Stagecoach residents still want housing, more commercial space as area grows |

Stagecoach residents still want housing, more commercial space as area grows

The Stagecoach area is one of two outside of municipalities in Routt County slated for growth. As the area grows, residents are looking for more commercial space too, which could help them avoid some trips to Steamboat.
Routt County Planning Department/Courtesy

Adding housing is still a priority for residents of the Stagecoach area, but they also want to add more commercial space that would allow them to get gas, groceries and maybe even see a dentist without a trip into Steamboat Springs.

In a virtual meeting with Routt County Planning Department staff and consultants on the county’s ongoing master planning effort last week, resident’s of Stagecoach and areas nearby discussed how they want Stagecoach to grow and what parts may be appropriate for non-housing uses.

“Since Stagecoach is identified as a potential growth area, we are trying to dive down into what that means for growth and development,” said Kristy Winser, Routt County planning director.

Stagecoach is one of two areas for growth in the county that are not within municipalities, with the other being neighborhoods and other land like the Brown Ranch west of Steamboat.
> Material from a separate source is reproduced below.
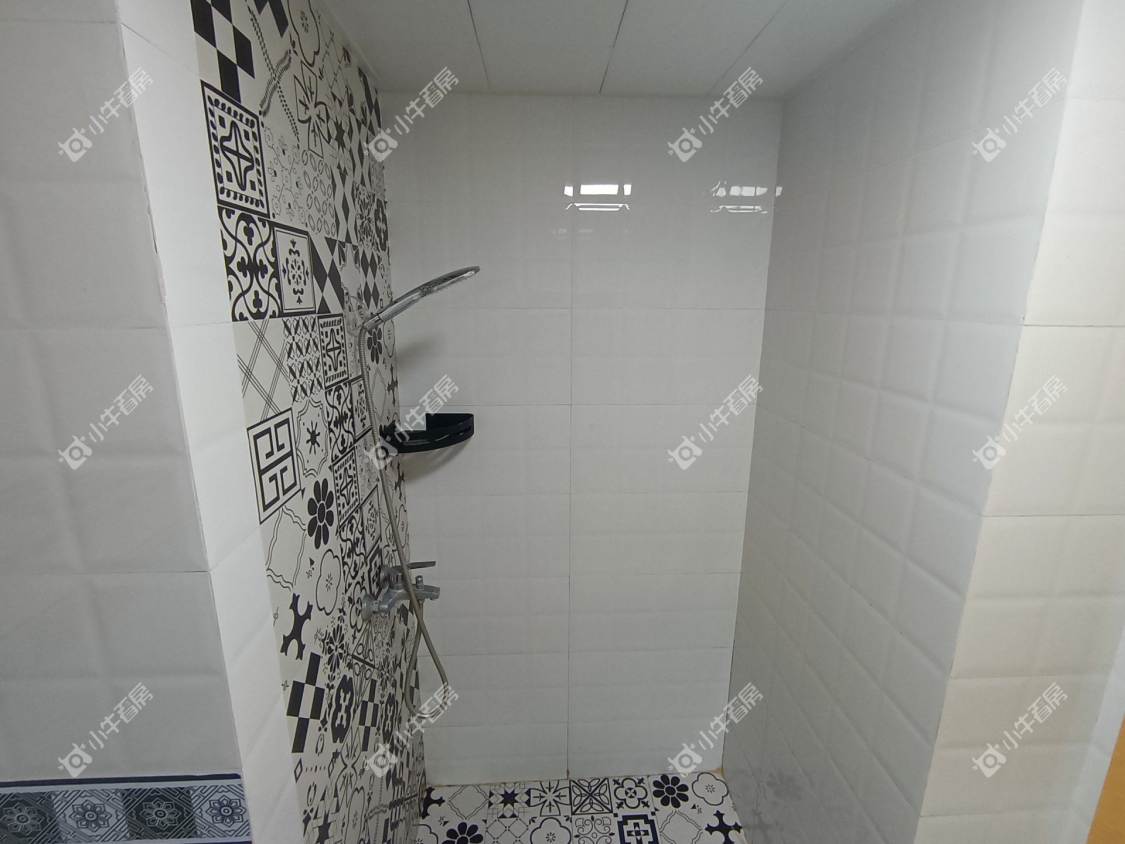 常州中奥珑郡在租房源室内图_小牛看房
Stagecoach’s area plan was last updated in 2017, but Winser said it would be updated again as part of the larger plan.

In that plan, Stagecoach is largely divided into two parts — one farther north near Stagecoach Reservoir and the other farther south. That northern half has been identified for higher density, with the lower half reserved for lower density housing.

Residents expressed a strong interest in single-family housing, and Winser said there wasn’t anyone against increasing housing.

While many lots in the north do have access to water and sewer, subdivisions in the south often don’t, which can make it more difficult to build on. Large portions of planned subdivisions in the south don’t even have roads built to them.

Getting utilities to these lots can be difficult, sometimes requiring neighbors to consolidate together around one well. While the Stagecoach area is considered over-appropriated by state regulators, Winser said it is within the Upper Yampa Water Conservancy District, allowing landowners to purchase augmentation plans to get water.

When it comes to nonresidential services, a grocery store in Stagecoach was widely favored when planning staff polled residents. Recreation and retail were also frequently selected options, in addition to a community space. One Stagecoach resident described “a gathering place where people could convene, go to the grocery store, pump gas, get together, have a cup of coffee and join into the community.”

Winser said that notion was supported by other comments on the meeting, with a coffee shop, liquor store and gas station being frequently mentioned. Other residents said having services like a doctor’s or dentist’s office nearby would be nice, allowing them to avoid a roughly 20 minute drive to Steamboat.

A community store, in a similar mold as North Routt’s Clark Store, was another popular ask among residents. There is actually space designated for a community store that was approved in 2006 and Winser said it simply has not been built.

Recreation is another development priority of residents, as it was in the 2017 plan as well. Residents expressed a desire to expand the trail network in Stagecoach, better connecting it to the vast amount of public lands nearby.

One resident suggested that the county needed to be thoughtful about open space when planning in Stagecoach, especially because of the risk of wildfire the area has. The Muddy Slide Fire burned for months just a handful of miles south of Stagecoach last summer.

“How do we create some of these open spaces to provide buffers potentially around some of these home sites that can serve as this nexus of natural resources slash defensible space,” she said.